Envoy: Switch from http-parser to llhttp

Created on 29 Nov 2018 · 55Comments · Source: envoyproxy/envoy

Apparently, http_parser is abandonware and node.js started work on a switching to llhttp.

cc @alyssawilk @htuch @mattklein123

aresecurity no stalebot priorithigh tech debt

Source

PiotrSikora

👍1

Most helpful comment

So far I have 73% of http1 codec tests passing, working through them. llhttp introduces slight deviations - stricter header parsing (i.e. this block is no longer required), slightly different handling of upgrade, etc.

Also, I'm going to do the URL utility library as a separate change if no one beats me to it. My updated branch leaves that as is for now.

derekargueta on 31 Oct 2019

👍3

All 55 comments

One concern around llhttp is it uses https://github.com/indutny/llparse and a bunch of TypeScript. I don't want to go down the language war path, but it's probably worth considering the increased build complexity (Bazelifying llparser and dependencies) and developer impedance matching when making the call. All things being equal, I'm a fan of higher level solutions to parsing, but switching to this is not totally obvious.

htuch on 29 Nov 2018

Well, the auto-generated llhttp was just added to node.js as the experimental-http-parser, and node.js is/was the only thing keeping the hand-written http-parser on a life-support, so the decision might be forced upon us sooner rather than later... I don't have a strong opinion until then.

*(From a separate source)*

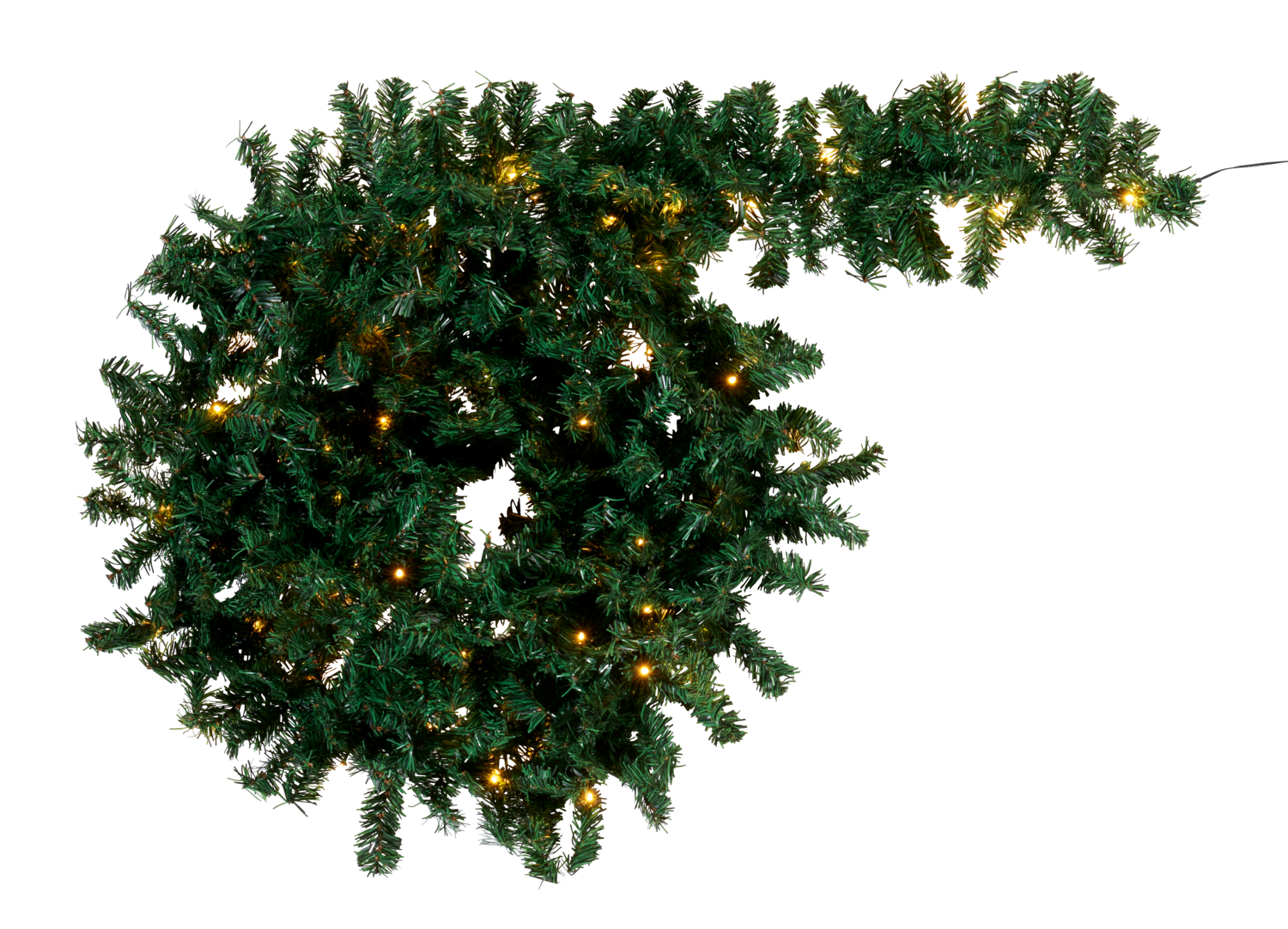 Livarno® LED girlanda, 80 LED (teplá bílá)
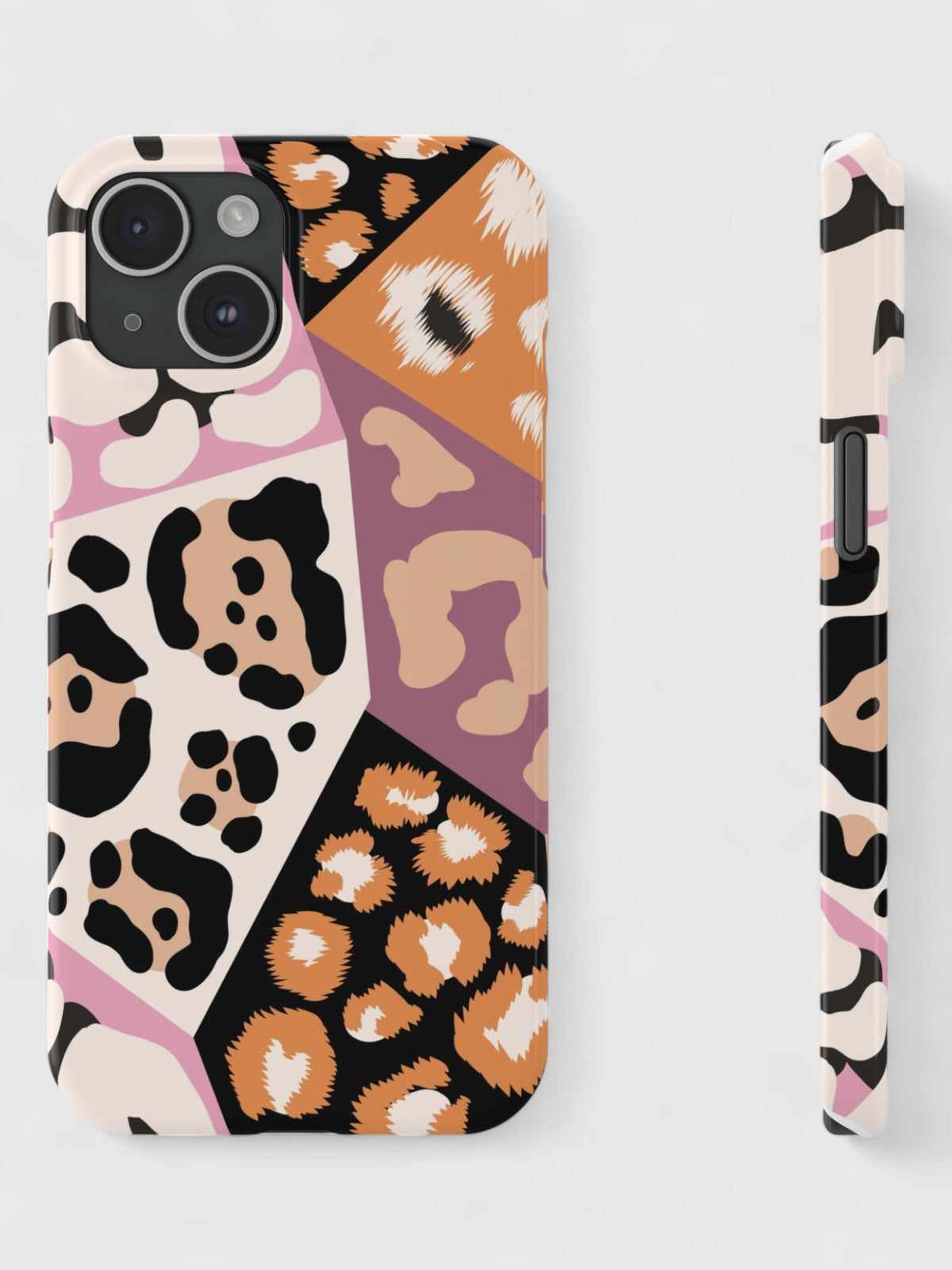 Feral Remix Slim iPhone Case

As for the extra build-time dependencies, we just need the generated C code, see: https://github.com/indutny/llhttp/issues/10.

PiotrSikora on 29 Nov 2018

If I could be of any help, please do not hesitate to ask me directly.

indutny on 29 Nov 2018

🎉1

@indutny would you mind filing a tracking bug for the migration over on the node.js so interested envoy developers can follow it? If we opt to migrate we'd probably swap shortly after you, and if we don't it's still important to know when node.js stops using http_parser from a security perspective, so it's good to know either way :-)

alyssawilk on 29 Nov 2018

My opinion on this is that we should take a wait and see approach. TBH, HTTP/1.1 at this layer is basically done. I don't really see what changes we would need to make.

mattklein123 on 29 Nov 2018

@alyssawilk https://github.com/nodejs/node/issues/24730 - This might do.

indutny on 29 Nov 2018

👍1

This issue has been automatically marked as stale because it has not had activity in the last 30 days. It will be closed in the next 7 days unless it is tagged "help wanted" or other activity occurs. Thank you for your contributions.

stale[bot] on 10 Feb 2019

This issue has been automatically closed because it has not had activity in the last 37 days. If this issue is still valid, please ping a maintainer and ask them to label it as "help wanted". Thank you for your contributions.

stale[bot] on 17 Feb 2019

Reopening in light of https://github.com/envoyproxy/envoy/issues/6434. Since we didn't get any response from Node.JS security WG when reporting, it seems that http-parser should be considered unsupported. The community did drive a fix when we went public, see https://github.com/nodejs/http-parser/issues/468.

Since http-parser is a codec and hence exposed to untrusted traffic from clients and backends on the data plane, it has a higher standard to live up to than other external dependencies. I would like us to consider only including dependencies that have active security teams that are at least doing CVE management. This is further motivation for moving away from http-parser.

htuch on 10 Apr 2019

@htuch I'm sorry about the negative experience that you had. I wish we would have seen your security report on our channels before you submitted that github issue. What channel did you use? Was it HackerOne or the mailing list ([email protected])? I'm having a hard time finding your report...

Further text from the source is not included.